2. **Implement Data Generators**
   - Use existing generator functions
   - Create realistic data distributions
   - Save as benchmark fixtures

3. **Run Baseline Benchmarks**
   - Execute full suite
   - Generate performance report
   - Create flamegraphs

4. **Start Quick Wins**
   - Implement string interning improvements
   - Add early termination for LIMIT
   - Measure impact

## Appendix: Profiling Commands

```bash
# CPU Profiling
cargo build --release
perf record --call-graph=dwarf ./target/release/sql-cli bench
perf script | inferno-flamegraph > flamegraph.svg

# Memory Profiling
valgrind --tool=massif ./target/release/sql-cli bench
ms_print massif.out.<pid> > memory_profile.txt

# Benchmark Execution
cargo bench --bench sql_benchmarks

# Quick Performance Test
time ./target/release/sql-cli data.csv -q "SELECT COUNT(*) FROM data"
```

## Conclusion

Our goal is not to build a general-purpose OLAP engine, but rather to ensure the SQL CLI provides responsive, predictable performance for interactive data exploration up to 100K rows.
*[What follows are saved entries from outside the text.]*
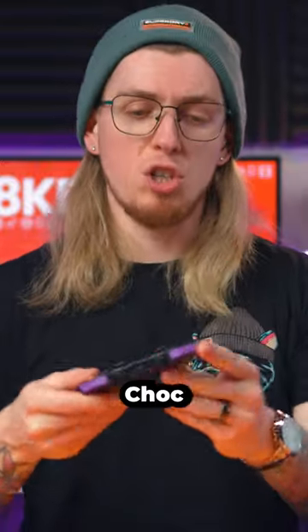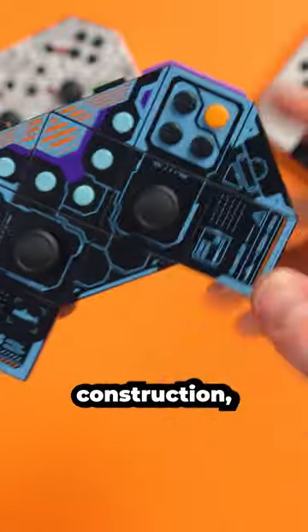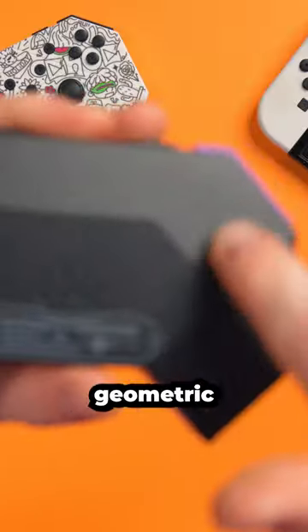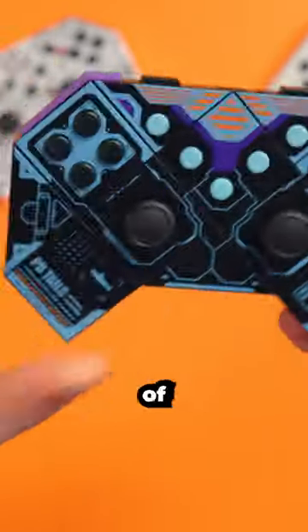This is the PB Tails Choc 2 controller. This is actually a metal construction — it's got a metal chassis and it is so cool. Look at this geometric sort of design that's on it. I really dig the aesthetics of this.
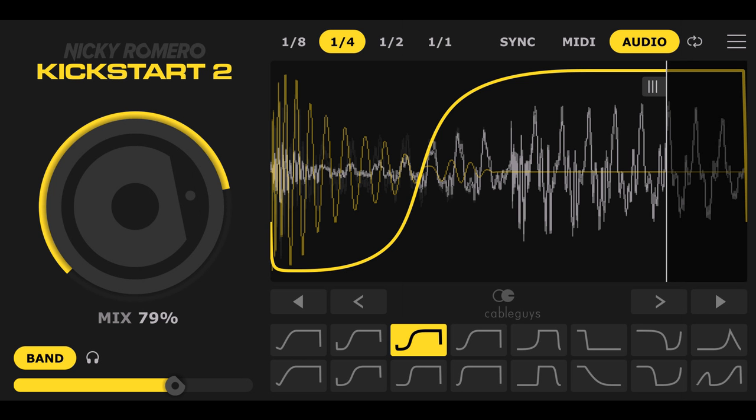Cable Guys Release Nicky Romero Kickstart 2 Instant Sidechain Effect. Welcome to Music Gears, where we bring you the latest info on new music instruments, software, and other gear from around the world. Cable Guys and Nicky Romero have released Kickstart 2, a major update to their instant sidechain ducking effect.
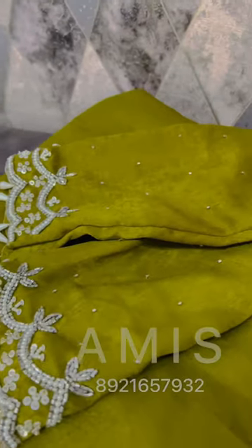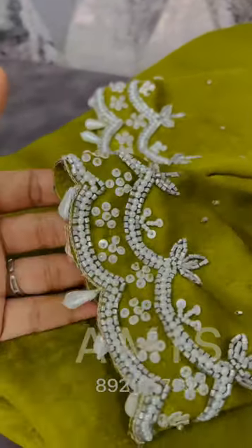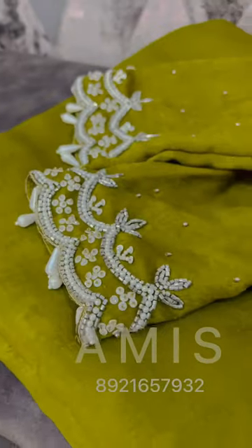Handwork is used in a belt, in a blouse, in hangings. Nice work.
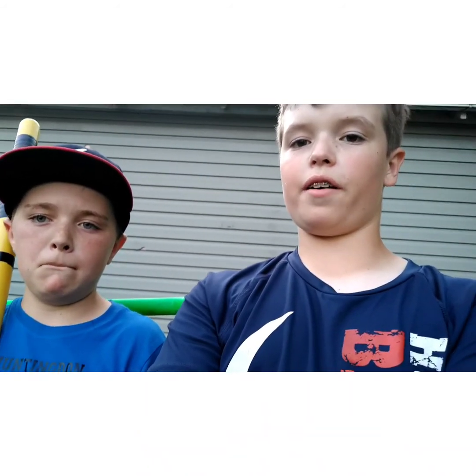All right, so that's going to be it for the pitching tutorial video. Hope you guys enjoyed, and hope you guys learned a lot from this video and can beat your friends in wiffle ball after this. Hope you learned some nasty pitches. See you next time on Huntington Wiffle Ball League. Out.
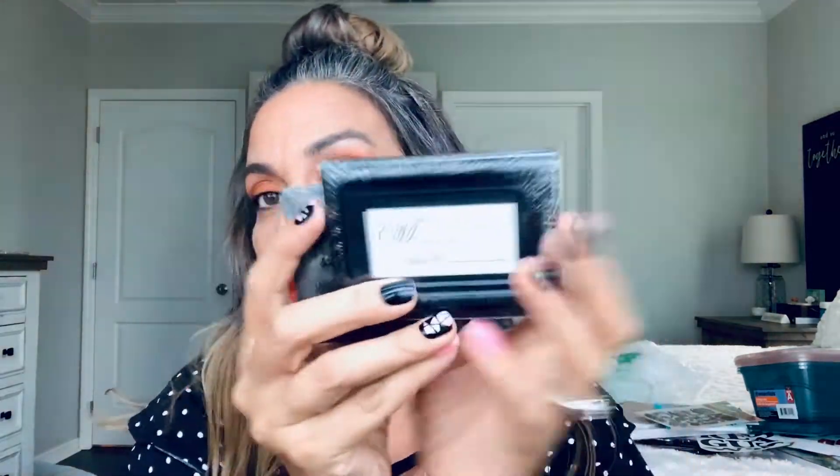I saw a TikTok video — TikTok always gets me in trouble. She bought two of these with a bamboo cutting board, also from Dollar Tree. She put them on the side with a little bamboo tray in the middle, removes this part, and glues the bamboo cutting board to make a little tray. It was super cute.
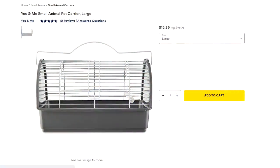On Petco's website this is called the You and Me Small Animal Pet Carrier in Large — even though it's not that large — and it's listed at $19.99 but currently on sale for $15.29. It has good ventilation, but the pan depth is shallow, so bedding will get kicked outside the enclosure. If you want your animal to be cozy, I would go with a different carrier.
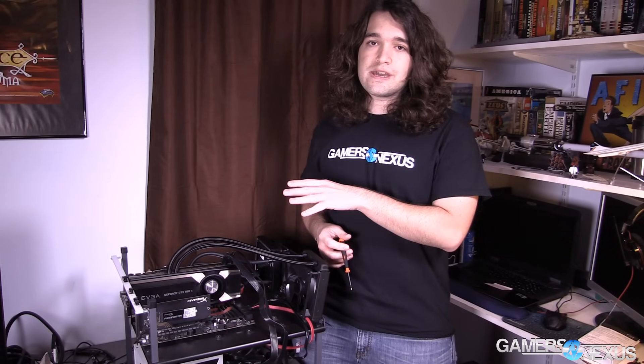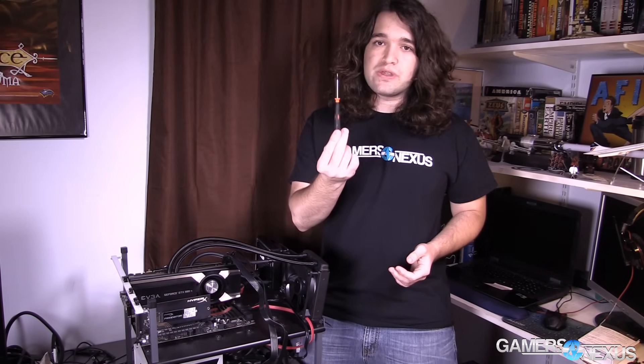All we're doing here is showing how to jump the motherboard without using a power switch from the case. Normally you've got two pins that go into a power switch, goes to a case, hit the button and it turns on. What we're doing here is eliminating that so you can turn the system on without the switch, and we're doing that with a screwdriver.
By focusing on the most common query patterns and implementing targeted optimizations, we can achieve excellent performance within our design constraints.

The benchmark suite will give us quantitative metrics to guide optimization efforts and ensure we don't regress as we add features. The modular approach allows us to tackle improvements incrementally while maintaining stability.